TASK
Transcribe each entry exactly; skip the images.

WORKING DATA
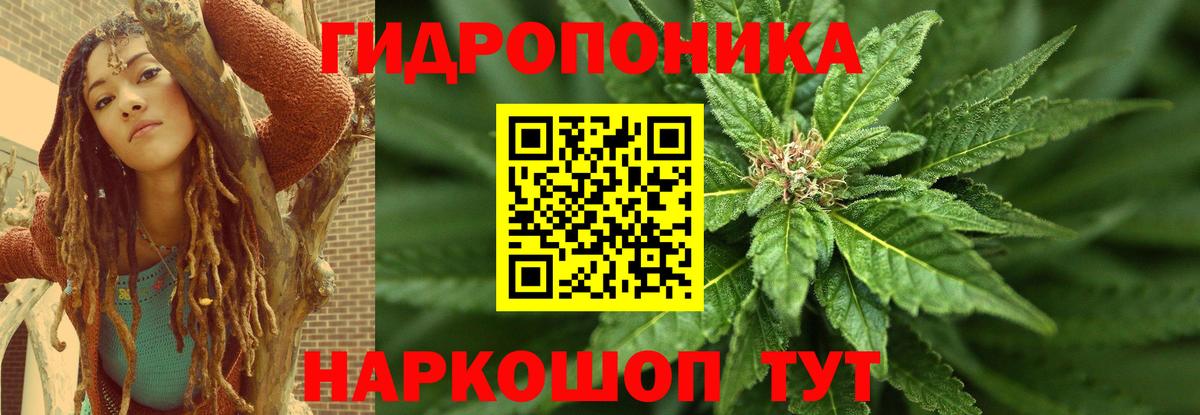 Бошки марихуана VHQ  Бошки Шишки Bruce Banner  Астрахань  Вход с VPN  Шишки марихуана индика 
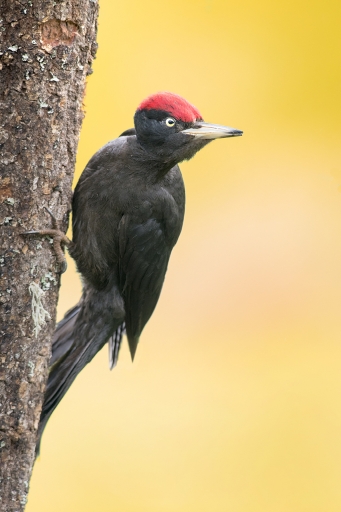 2020-05-27 / Le Basque
Le Basque dans Faune Sauvage

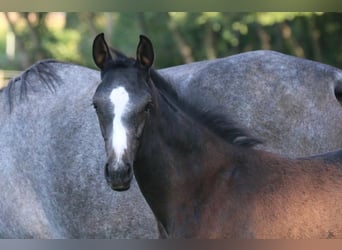 Westphalian, Stallion, Foal (05/2025), 16,1 hh, Grey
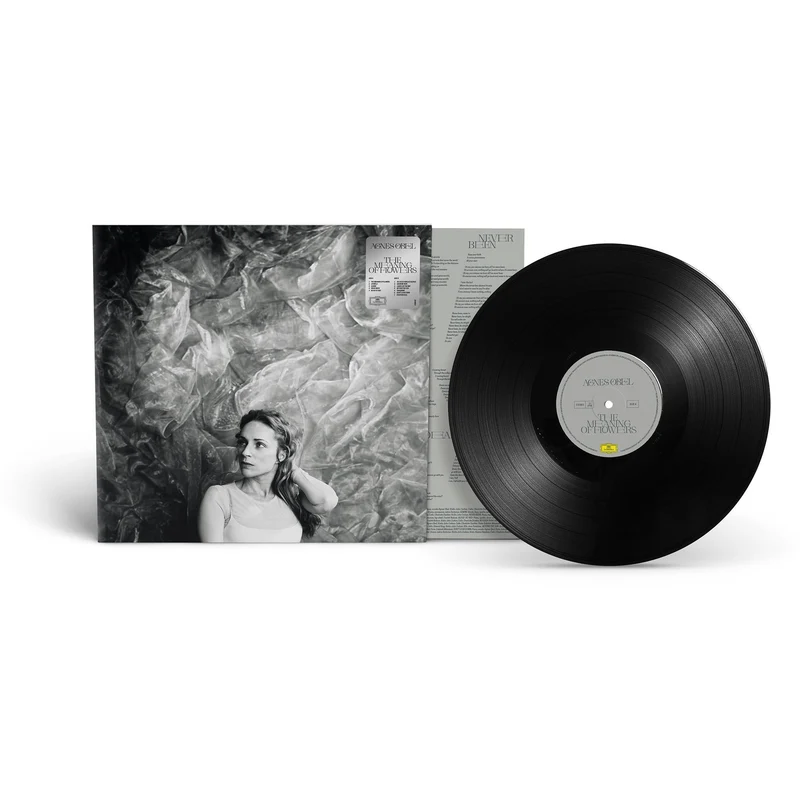 The Meaning Of Flowers (Vinyl)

RESULT OF THIS TASK
 Бошки марихуана VHQ  Бошки Шишки Bruce Banner  Астрахань  Вход с VPN  Шишки марихуана индика 
 2020-05-27 / Le Basque
Le Basque dans Faune Sauvage

 Westphalian, Stallion, Foal (05/2025), 16,1 hh, Grey
 The Meaning Of Flowers (Vinyl)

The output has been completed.